The stretch of Route 22 we had to travel is essentially a giant strip mall with a traffic light every nine feet. You could be sponsored by Richard Petty Motorsports and you’re still not getting up above thirty-five – which made the ride take forever. To compound matters, Mr. Harper had removed the radio during his tinkering so at every stoplight he felt compelled to fill the silence with conversation. It became obvious early on that his interests and my interests did not align.

He’d tap on the steering wheel and look over at the Dunkin’ Donuts. “I heard they got a plan to start widening all this to three lanes in the next couple years.”

“Oh yeah?”

“And you know PennDOT. To justify that budget, it’s gonna take two years longer than it should.”

“Maybe.”

“Tell ya what, you’re gonna want to take Abers Creek Road when that happens.”

“Yup.”

“Gonna back up the whole way to Monroeville at rush hour.”

Realizing that I had no particular opinion on the forthcoming roadwork, he’d fill me in about township ordinances he wasn’t fond of or the differences between major appliance brands. Unsurprisingly, none of that produced much of a reaction either so eventually he’d tap on the steering wheel again. “So how was your uh…baseball last night?”

Finally, something I could answer with more than two words. “Pretty good. We won. I went two for four. Would’ve been three for four if the left fielder didn’t make a ridiculous catch. Robbed me of at least a double.”

I’d just spoken to him in Yiddish. This was a guy who worked on cars and occasionally whittled. He had zero idea what I’d just said. “Well,” he said, searching the sky for a response, “was it at least a guy on your team that caught it?”

“Well...no. A guy on my team couldn’t ya know - get me out. Cause I mean, they’re in the dugout when we’re hitting,” I answered. "So they can't uhhh..."

“Oh. Of course,” he said, glancing back at the Dunkin’ Donuts. “I don’t even want to think about the traffic when they start trying to widen this.”

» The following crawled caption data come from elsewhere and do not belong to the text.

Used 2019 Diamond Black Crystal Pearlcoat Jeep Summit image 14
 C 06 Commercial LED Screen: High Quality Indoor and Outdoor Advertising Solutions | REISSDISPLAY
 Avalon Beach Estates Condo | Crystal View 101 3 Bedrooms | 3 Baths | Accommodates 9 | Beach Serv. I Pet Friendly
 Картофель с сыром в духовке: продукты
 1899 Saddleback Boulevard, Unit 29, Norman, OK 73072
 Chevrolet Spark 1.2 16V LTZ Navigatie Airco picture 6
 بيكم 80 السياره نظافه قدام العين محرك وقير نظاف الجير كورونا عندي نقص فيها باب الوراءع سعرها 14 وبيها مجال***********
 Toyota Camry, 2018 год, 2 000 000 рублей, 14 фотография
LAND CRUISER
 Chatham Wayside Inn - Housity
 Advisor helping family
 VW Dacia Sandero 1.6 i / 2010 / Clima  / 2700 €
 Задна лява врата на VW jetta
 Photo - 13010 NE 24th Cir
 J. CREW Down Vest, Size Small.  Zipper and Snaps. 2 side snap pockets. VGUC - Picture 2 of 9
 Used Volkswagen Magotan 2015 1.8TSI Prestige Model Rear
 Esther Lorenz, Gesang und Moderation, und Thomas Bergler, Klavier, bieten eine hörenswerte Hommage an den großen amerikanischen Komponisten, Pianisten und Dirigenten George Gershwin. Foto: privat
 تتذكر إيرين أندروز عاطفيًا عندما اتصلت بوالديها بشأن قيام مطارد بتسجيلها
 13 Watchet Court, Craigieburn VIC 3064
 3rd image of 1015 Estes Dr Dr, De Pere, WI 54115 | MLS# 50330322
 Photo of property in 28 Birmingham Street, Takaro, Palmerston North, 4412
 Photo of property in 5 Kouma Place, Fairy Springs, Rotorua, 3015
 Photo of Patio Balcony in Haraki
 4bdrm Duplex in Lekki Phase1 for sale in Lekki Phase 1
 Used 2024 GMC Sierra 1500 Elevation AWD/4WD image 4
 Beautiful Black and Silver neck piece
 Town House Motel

And so it would go every day. I’d politely nod and pine for the horrible soft rock I knew he’d be blaring if the car had a radio as Mister Harper imagined dystopian futures full of orange barrels. But there was always one last hope. Just past the town of Export, the infinite barrage of stoplights petered out and became a gradual uphill drag strip. If we could just get there, I knew the temptation would be too much for any man - especially a devoted car fanatic like Mr. Harper. He’d fixed up a cherry red ’79 Corvette goddammit and now it was time to reveal his masterpiece to the world. It was time for Lila to snarl. Each morning as the final light turned green and open road awaited, I’d lean forward, clutching the dash in anticipation.

School buses passed us on the left.

In the end though, it wasn’t too bad for a teenage summer job. If I wouldn’t have been a self-absorbed dumbass, I could’ve used the experience to learn critical skills about wiring or carpentry that would’ve helped me out later in life, but I never thought to ask and Mr. Harper never thought to offer. We finished the project in mid-August, a couple families moved into the units and I headed back to high school for my junior year.

I sprinted the hill by his house pretty religiously through the summers when I was home from college. Occasionally as I gasped for air, I’d see him sitting there in his folding chair drinking a beer and admiring the world’s most timid Corvette.

“Well if it isn’t Kurt! How have you been?”

“Pretty good Mr. Harper. How about you?”

“Stressed out. I got stuck in that construction traffic on Route 22 earlier. Backed the whole way to Monroeville. You believe that? Having a beer here to take the edge off.”

“You should’ve taken Abers Creek Road.”

“Dang it, you’re right. I should’ve taken Abers Creek Road.”